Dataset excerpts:
+ + +
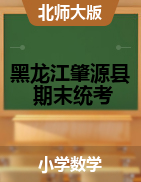 【真题】黑龙江省大庆市肇源县数学一-四年级下学期期末质量监测 2020-2021学年 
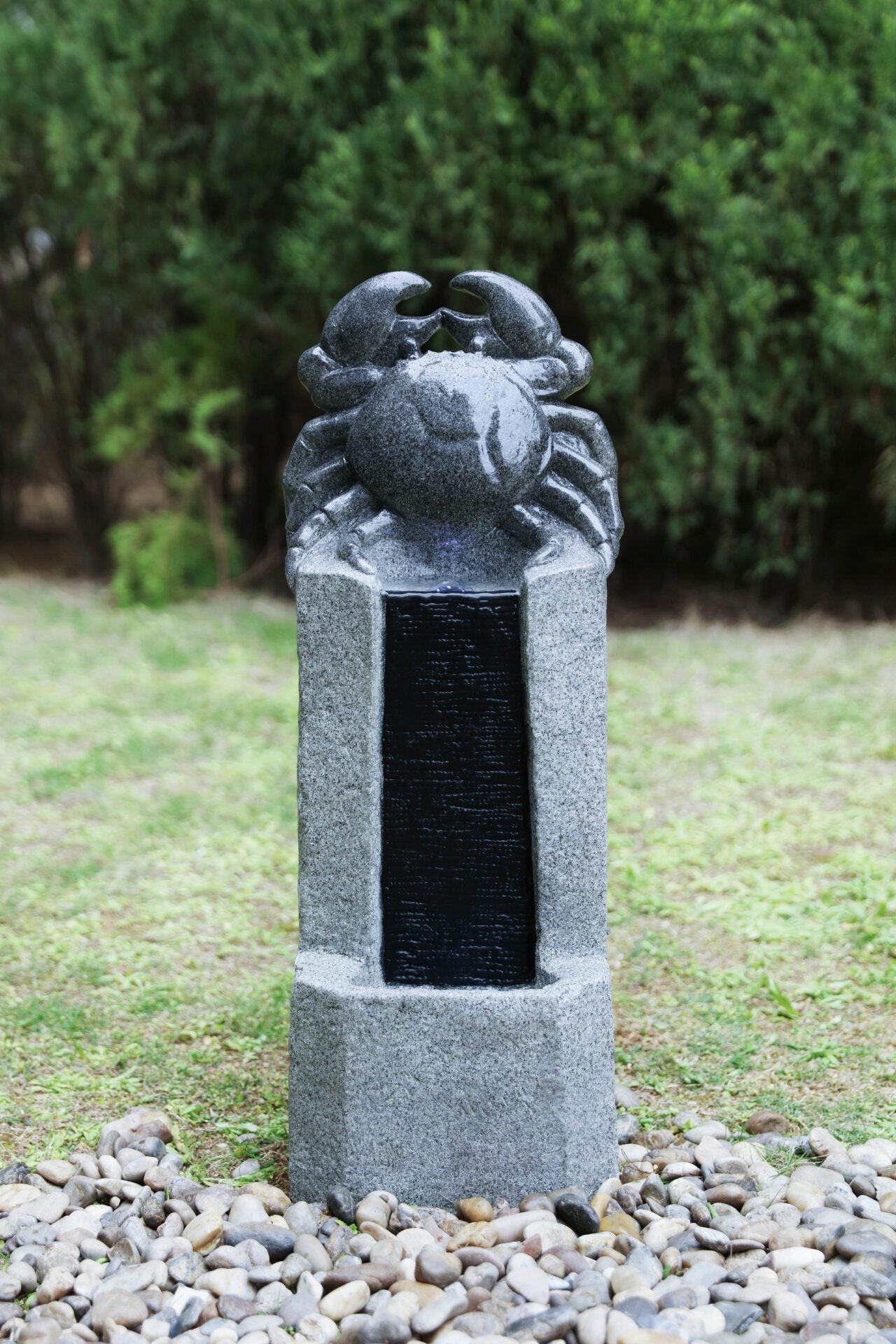 Section Image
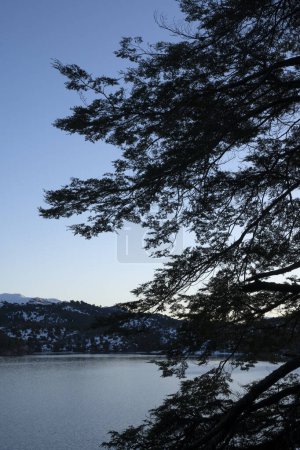 Téléchargez les photos : Vue magique sur la silhouette sombre du Nothofagus, le lac, le ciel bleu et les montagnes en arrière-plan, au lever du soleil. - en image libre de droit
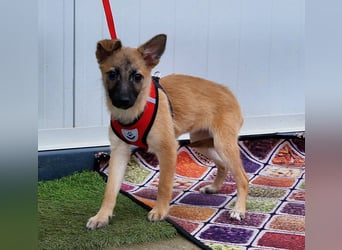 Dafke Glück auf 4 Pfoten sucht ihr Zuhause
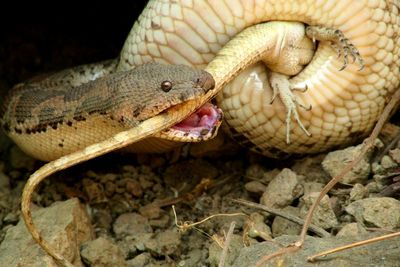 Close-up of snake biting lizard on field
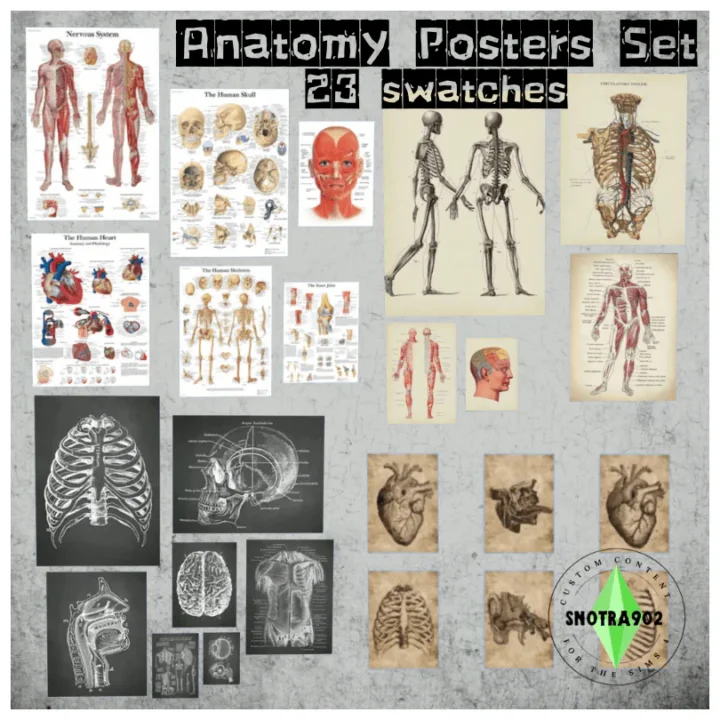 Anatomy Posters Set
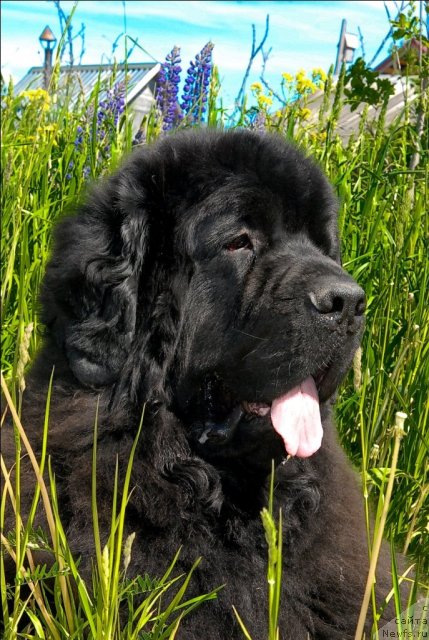 Фотография № 69089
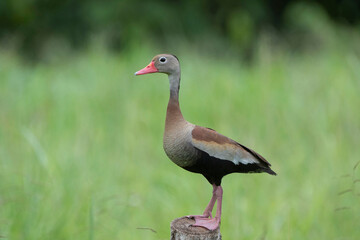 Black-bellied Whistling Duck (Dendrocygna autumnalis)
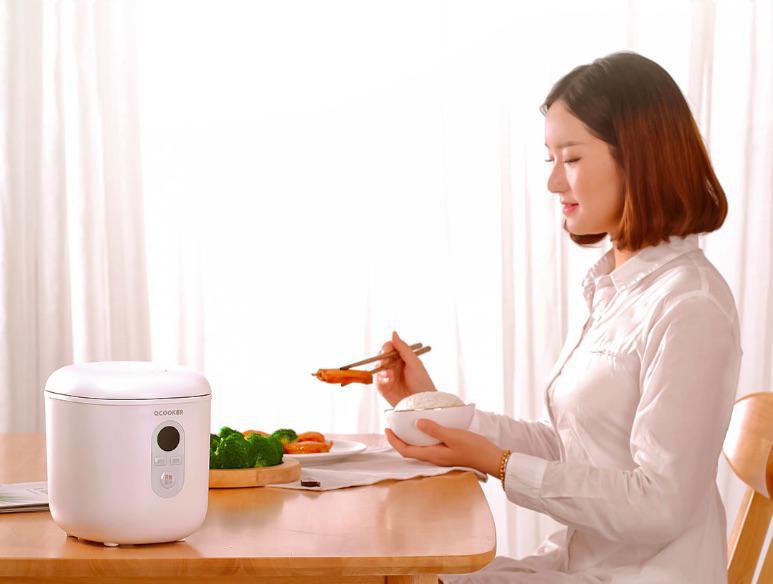xiaomi mini cooker xiaomi mini cooker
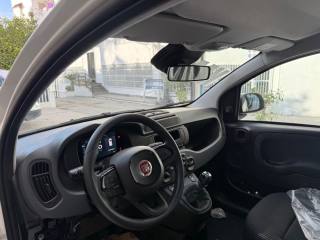 FIAT Panda usata, con Immobilizzatore elettronico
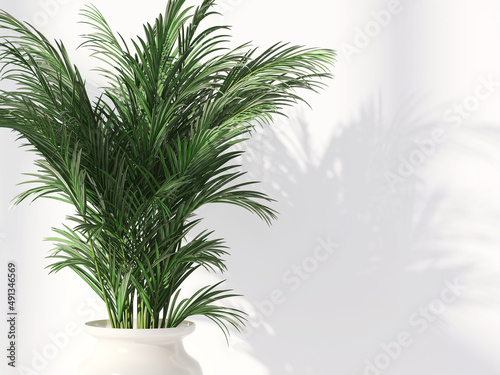 Tropical green house plants casting shadow on clean outdoor white wall. 3D render for nature backdrop, blank wall background banner, sun and shadow, interior and garden design decoration. © myboys.me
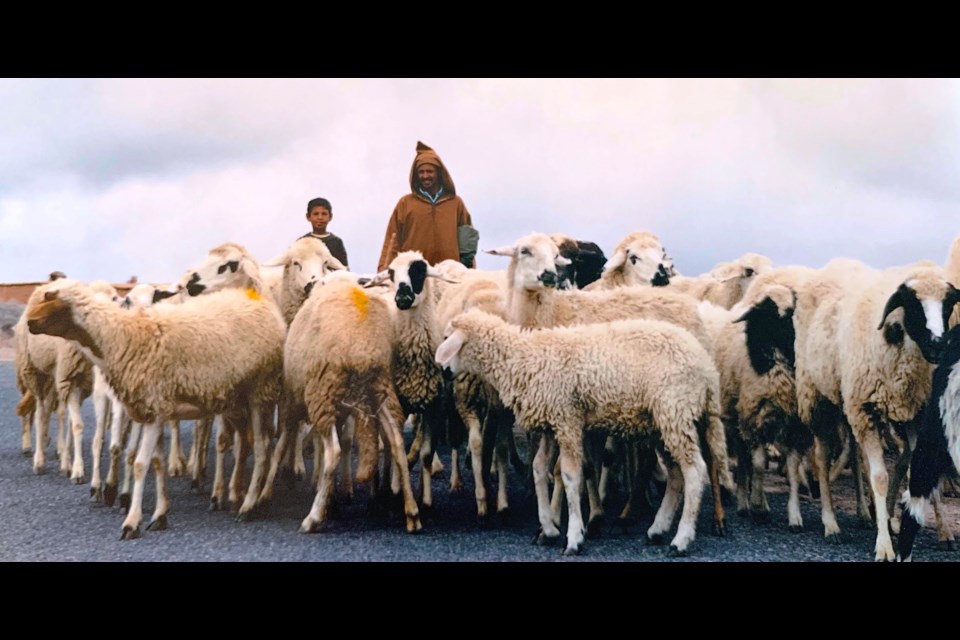 A Berber shepherd cares for his herd of sheep in the small village of Marrakech, Morocco.
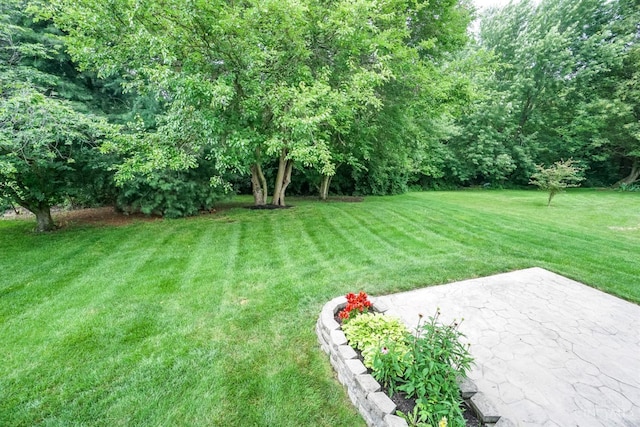 3779 Windyhollow Way, Mason, OH 45040 - view of grassy yard featuring a patio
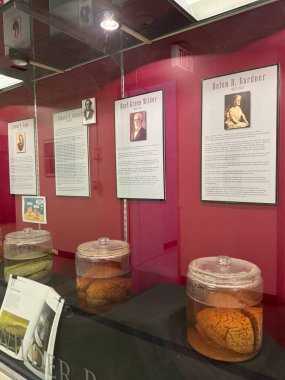 ITHACA, NY - 1. SEP: 1. Sep 2024 'te görüldüğü üzere New York' taki Cornell Üniversitesi kampüsündeki Psikoloji Bölümü binasında Vahşi Beyin Koleksiyonu.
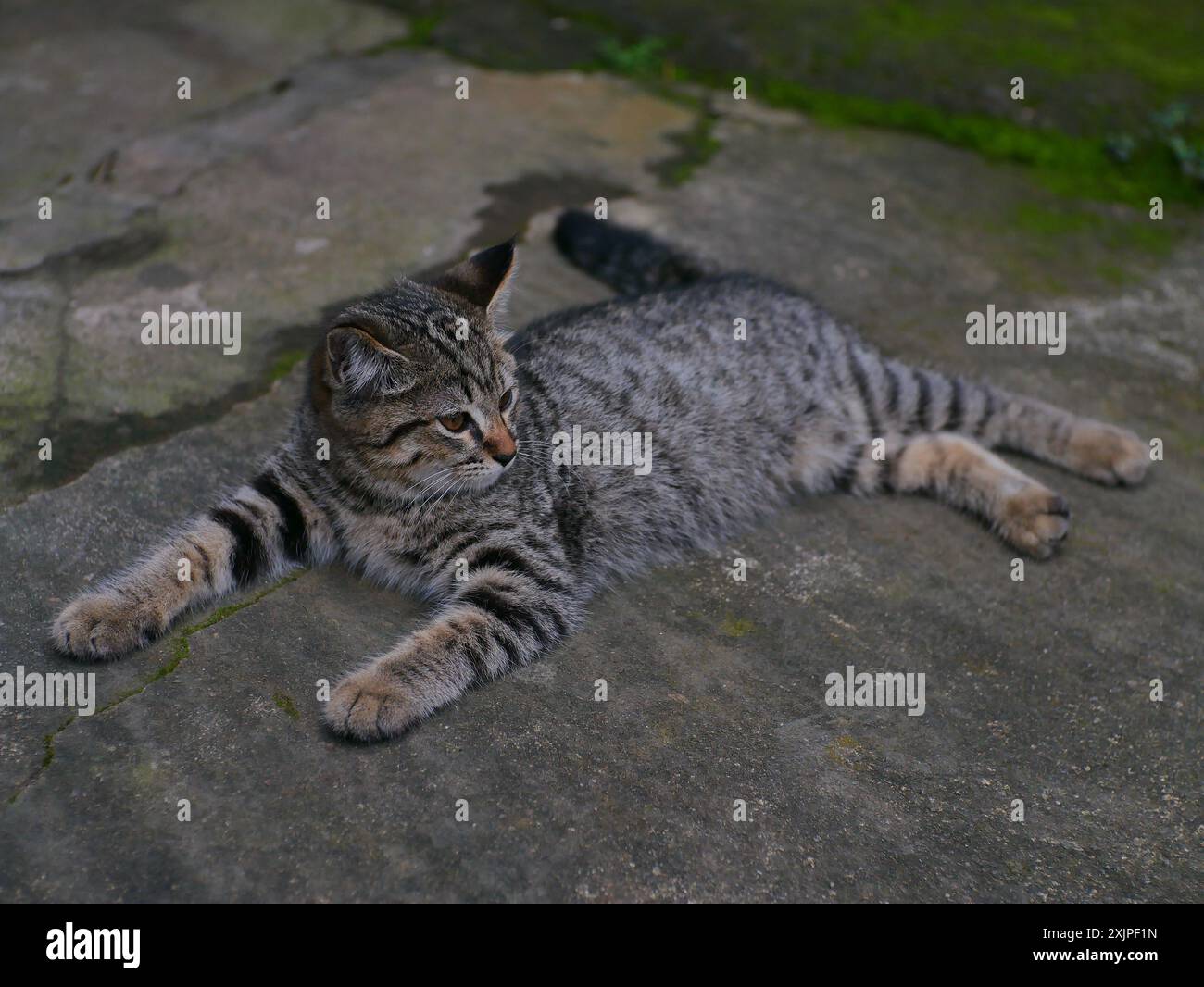 facial expression of a cat with striped fur with a blurry background ...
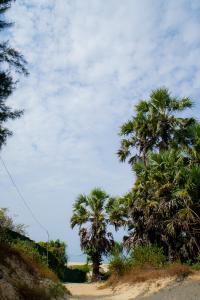 Ocean Whisper Goa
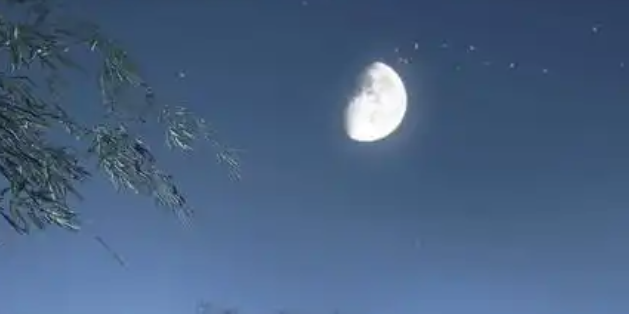 逆水寒手游童稚之交奇遇攻略 逆水寒手游童稚之交奇遇攻略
+ + +
Task instructions:
Please repeat, with no pictures, each line from the start of the records above through the line with "Close-up of snake biting lizard on field", inclusive, and only those.

Response to this task:
 【真题】黑龙江省大庆市肇源县数学一-四年级下学期期末质量监测 2020-2021学年 
 Section Image
 Téléchargez les photos : Vue magique sur la silhouette sombre du Nothofagus, le lac, le ciel bleu et les montagnes en arrière-plan, au lever du soleil. - en image libre de droit
 Dafke Glück auf 4 Pfoten sucht ihr Zuhause
 Close-up of snake biting lizard on field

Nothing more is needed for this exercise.